Reading some on O'Neill and I have to say, if this guy was among the top anti-terrorist experts that US, no wonder the entire law enforcement and counter-intelligence systems look so inept post 9-11.
This guy had multiple lives and a top, top security clearance. It would have been like something out of a Hitchcock movie tracking how many of his women showed up at his funeral--no wait, that was a Stanley Donnen movie with Audrey H, 'Charade'. If his body hadn't been found (all the more remarkable because it was found btw), I'd almost think he was using the incident to pursue a new identity somewhere.
He started out as FBI law enforcement but got into the 'glamor' diplomatic and intelligence sides, though being in overseas anti-terrorist efforts probably meant he had to work with groups to which he didn't really belong (military, State Department and CIA in their overseas operations mode).
None of his analysis in public speeches is very profound or groundbreaking (you could say it was his security clearance, but apparently that didn't stop him from shooting off his mouth over drinks with reporters). I'm not familiar with his investigative work, but that doesn't sound like his speciality--rather, politicking does.
After the first WTC bombings (1993)that was the whole debate--state-sponsored terrorism vs. networked stateless groups of religious fanatics. O'Neill spent a lot of time emphasizing the latter, while his establishment rivals said, No, go after Iraq. So, next, McVeigh was such a big surprise.
Well, no, there was also the constant, distracting alarm over weapons of mass destruction, the exaggerated danger of which is still being used to distract our attention. Is it that hard to realize how godawfully stupid US counter-terrorist efforts must have been to allow that many jet planes to get commandeered in a coordinated fashion?
Chip B writes:
>There is not one iota of evidence >linking the death of O'Neill to
>the terror attacks. None. Zip. Nada.
Of course there is. More than a mere coincidence; it was the man's own conscious choices.
In the Hollywood movie the part played by Bruce Willis quits in frustration from the FBI's counter-terrorist office in NYC. Then Bruce gets some information that will prevent the WTC from being blown up, but no one will listen to him. He even gets arrested by the NYPD for making a scene. Bruce takes a job as security guard at WTC in an assumed identity. He survives a terrorist attack, saves the WTC , and leads the FBI's own Delta Force all-powerful danger rangers deep into OBL territory to kick the evil one's evil ass himself.

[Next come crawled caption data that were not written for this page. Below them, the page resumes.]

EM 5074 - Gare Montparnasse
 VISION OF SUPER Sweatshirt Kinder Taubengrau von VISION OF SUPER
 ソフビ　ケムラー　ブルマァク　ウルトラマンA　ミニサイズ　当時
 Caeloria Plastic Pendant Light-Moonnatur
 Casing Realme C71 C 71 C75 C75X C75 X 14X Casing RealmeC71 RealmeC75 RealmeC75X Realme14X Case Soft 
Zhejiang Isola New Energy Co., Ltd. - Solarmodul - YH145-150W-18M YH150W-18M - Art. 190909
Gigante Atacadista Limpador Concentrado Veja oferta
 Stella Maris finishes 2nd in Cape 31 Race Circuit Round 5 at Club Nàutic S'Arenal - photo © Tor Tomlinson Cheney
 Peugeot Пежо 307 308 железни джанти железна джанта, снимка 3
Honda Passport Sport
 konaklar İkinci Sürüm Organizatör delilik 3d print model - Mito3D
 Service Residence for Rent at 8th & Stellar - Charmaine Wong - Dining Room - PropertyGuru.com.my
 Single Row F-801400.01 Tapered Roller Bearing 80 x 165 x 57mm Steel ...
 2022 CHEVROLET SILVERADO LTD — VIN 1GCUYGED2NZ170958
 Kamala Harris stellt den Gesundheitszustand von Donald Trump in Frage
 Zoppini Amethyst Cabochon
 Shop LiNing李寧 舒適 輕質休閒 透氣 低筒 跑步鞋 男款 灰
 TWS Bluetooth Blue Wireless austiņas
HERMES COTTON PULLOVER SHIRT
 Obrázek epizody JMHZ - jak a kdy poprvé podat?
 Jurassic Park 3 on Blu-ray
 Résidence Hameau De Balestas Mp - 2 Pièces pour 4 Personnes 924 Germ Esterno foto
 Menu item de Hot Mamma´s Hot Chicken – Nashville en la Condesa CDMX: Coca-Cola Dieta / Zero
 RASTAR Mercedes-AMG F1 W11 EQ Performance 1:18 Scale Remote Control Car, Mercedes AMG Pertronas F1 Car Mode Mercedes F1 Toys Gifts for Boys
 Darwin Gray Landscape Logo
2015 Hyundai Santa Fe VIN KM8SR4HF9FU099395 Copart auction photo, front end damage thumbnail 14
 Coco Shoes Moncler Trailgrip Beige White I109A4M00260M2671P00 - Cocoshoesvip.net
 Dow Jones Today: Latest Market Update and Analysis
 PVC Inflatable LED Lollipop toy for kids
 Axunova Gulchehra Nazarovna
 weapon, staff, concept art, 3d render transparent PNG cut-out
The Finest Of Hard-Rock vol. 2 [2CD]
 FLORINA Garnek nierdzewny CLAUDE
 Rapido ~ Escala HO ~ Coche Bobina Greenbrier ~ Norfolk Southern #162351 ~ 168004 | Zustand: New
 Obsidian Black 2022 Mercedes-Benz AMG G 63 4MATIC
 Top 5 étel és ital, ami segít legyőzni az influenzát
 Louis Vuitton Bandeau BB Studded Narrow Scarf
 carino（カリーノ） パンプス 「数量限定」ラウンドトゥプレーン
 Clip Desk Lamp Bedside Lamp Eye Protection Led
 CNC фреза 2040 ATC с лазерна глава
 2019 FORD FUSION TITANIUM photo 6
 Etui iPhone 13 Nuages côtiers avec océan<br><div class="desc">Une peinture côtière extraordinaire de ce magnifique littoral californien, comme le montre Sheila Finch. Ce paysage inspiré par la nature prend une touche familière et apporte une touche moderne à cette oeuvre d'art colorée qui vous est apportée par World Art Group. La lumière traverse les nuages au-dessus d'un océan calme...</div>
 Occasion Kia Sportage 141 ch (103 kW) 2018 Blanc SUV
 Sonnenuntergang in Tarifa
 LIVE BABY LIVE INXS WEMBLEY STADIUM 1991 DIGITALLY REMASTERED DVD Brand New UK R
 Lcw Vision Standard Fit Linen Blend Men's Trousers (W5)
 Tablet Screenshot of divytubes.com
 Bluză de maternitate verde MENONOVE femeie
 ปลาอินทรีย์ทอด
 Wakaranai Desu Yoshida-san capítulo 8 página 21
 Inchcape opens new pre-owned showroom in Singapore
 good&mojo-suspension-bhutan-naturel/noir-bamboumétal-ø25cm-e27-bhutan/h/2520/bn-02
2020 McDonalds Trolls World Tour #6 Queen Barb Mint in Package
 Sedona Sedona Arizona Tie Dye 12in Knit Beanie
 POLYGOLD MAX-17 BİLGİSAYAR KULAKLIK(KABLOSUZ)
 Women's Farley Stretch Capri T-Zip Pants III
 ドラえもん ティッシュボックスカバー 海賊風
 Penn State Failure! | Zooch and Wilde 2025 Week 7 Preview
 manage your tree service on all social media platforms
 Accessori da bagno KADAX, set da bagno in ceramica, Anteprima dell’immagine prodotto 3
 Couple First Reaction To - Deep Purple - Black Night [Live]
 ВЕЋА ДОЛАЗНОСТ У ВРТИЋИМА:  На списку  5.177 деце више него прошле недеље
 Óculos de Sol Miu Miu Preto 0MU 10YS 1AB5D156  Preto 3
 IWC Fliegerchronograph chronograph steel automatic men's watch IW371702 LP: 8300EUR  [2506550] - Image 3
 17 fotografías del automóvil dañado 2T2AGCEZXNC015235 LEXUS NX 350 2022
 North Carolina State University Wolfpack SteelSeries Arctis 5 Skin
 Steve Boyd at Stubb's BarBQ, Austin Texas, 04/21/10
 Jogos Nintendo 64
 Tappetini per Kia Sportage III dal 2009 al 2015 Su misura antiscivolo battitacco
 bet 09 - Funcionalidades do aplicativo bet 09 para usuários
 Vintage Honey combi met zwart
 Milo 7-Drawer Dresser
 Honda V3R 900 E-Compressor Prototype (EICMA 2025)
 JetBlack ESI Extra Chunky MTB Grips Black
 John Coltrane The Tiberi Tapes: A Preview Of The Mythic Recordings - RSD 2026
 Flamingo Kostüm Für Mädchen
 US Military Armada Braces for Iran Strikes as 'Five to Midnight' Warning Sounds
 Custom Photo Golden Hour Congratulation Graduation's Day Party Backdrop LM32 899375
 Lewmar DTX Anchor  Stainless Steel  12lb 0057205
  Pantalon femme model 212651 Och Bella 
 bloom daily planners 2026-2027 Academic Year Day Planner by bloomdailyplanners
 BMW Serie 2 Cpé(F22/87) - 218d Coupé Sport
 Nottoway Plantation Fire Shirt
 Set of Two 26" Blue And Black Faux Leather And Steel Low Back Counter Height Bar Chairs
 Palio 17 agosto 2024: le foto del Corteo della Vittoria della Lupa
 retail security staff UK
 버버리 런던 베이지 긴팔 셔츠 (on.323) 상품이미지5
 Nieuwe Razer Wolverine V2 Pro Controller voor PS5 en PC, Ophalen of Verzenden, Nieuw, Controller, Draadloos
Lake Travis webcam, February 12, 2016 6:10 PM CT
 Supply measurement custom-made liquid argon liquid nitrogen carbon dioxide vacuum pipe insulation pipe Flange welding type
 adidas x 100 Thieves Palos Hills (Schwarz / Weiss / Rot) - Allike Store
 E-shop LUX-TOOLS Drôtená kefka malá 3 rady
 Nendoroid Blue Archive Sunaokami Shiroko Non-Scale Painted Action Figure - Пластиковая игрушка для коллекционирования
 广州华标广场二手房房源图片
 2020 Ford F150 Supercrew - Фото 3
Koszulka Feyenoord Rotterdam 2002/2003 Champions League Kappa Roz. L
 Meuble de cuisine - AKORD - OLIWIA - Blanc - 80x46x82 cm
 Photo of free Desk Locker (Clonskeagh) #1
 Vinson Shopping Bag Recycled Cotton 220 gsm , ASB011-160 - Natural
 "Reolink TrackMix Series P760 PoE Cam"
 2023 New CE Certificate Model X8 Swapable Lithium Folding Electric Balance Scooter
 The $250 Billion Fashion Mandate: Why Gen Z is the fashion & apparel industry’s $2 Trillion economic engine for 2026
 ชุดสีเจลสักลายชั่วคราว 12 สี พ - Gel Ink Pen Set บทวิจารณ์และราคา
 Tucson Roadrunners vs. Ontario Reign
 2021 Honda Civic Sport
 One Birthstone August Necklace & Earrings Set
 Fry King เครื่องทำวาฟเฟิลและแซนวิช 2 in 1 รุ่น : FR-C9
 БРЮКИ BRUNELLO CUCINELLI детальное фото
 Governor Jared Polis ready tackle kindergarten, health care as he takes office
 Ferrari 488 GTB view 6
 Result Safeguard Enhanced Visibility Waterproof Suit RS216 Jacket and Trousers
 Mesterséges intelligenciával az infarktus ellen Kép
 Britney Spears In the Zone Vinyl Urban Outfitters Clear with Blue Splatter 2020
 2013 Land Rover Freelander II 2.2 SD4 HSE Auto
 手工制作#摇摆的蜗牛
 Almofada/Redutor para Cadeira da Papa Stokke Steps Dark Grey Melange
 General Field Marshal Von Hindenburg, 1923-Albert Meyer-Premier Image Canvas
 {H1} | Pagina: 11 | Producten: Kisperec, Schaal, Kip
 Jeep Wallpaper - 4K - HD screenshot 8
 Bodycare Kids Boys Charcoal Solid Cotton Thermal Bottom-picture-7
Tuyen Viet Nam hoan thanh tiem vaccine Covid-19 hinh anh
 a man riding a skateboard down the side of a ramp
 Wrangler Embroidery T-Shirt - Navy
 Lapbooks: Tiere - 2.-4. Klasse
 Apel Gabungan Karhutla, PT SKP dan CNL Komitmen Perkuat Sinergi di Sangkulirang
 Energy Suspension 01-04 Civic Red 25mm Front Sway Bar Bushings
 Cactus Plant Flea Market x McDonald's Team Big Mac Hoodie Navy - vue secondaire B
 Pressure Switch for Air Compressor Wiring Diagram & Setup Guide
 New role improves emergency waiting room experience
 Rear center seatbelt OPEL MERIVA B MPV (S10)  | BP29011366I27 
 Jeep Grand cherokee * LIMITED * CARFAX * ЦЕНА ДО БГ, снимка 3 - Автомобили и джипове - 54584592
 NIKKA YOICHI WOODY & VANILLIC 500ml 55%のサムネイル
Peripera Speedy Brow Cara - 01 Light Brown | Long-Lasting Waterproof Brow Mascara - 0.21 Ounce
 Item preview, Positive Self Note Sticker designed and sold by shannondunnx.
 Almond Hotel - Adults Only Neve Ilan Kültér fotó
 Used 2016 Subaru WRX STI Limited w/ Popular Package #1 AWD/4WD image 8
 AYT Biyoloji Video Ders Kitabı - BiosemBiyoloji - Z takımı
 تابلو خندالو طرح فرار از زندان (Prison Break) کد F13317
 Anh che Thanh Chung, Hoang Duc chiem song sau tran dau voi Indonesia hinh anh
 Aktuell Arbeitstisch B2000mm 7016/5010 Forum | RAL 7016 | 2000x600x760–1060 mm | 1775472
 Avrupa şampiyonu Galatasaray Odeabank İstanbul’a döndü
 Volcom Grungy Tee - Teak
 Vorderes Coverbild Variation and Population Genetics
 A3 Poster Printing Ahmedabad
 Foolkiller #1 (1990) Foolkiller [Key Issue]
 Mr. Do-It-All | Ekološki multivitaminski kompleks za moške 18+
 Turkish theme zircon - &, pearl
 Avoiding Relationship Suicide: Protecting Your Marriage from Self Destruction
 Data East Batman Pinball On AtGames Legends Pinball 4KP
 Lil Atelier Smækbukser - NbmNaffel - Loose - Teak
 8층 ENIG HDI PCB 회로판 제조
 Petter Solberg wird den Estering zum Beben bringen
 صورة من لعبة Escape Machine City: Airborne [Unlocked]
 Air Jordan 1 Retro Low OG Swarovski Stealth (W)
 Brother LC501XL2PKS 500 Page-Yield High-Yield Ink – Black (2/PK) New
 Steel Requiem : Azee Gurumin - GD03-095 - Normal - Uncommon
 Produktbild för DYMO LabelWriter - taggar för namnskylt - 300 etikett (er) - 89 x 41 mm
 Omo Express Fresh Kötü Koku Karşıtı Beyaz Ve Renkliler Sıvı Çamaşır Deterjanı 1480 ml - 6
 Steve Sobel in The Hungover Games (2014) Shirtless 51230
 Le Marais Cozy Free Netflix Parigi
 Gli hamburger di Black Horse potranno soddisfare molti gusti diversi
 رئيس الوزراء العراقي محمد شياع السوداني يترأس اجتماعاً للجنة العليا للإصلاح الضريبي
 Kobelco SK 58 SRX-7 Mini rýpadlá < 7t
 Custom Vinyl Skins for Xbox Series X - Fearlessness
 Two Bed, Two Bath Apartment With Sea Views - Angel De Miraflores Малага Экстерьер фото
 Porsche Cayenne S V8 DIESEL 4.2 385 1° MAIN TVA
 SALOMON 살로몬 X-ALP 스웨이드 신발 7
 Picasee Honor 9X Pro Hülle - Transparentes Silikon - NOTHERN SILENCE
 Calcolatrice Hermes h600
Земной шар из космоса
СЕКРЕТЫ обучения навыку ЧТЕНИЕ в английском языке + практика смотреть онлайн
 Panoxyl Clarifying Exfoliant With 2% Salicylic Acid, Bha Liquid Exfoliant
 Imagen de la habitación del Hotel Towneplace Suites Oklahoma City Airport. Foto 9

In reality the guy gets a building falling on him. He was long a part of NYC anti-terrorism efforts and all that multi-agency coordination (better called interagency rivallry and confusion). I wouldn't be surprised if he was part of the moronic decision to put an emergency crisis center so near to what his ingroup thought was the most likely target. And no doubt one reason why he chose a jump over to security at WTC is he'd still be in the thick of things, with his security clearance, in NYC hanging out with the same crowds, at the center of it all, right at his own envisioned ground zero.
What must have been going through his mind after the first building got hit? How as usual the State Department and the CIA had let him down? At least he went down with his ship.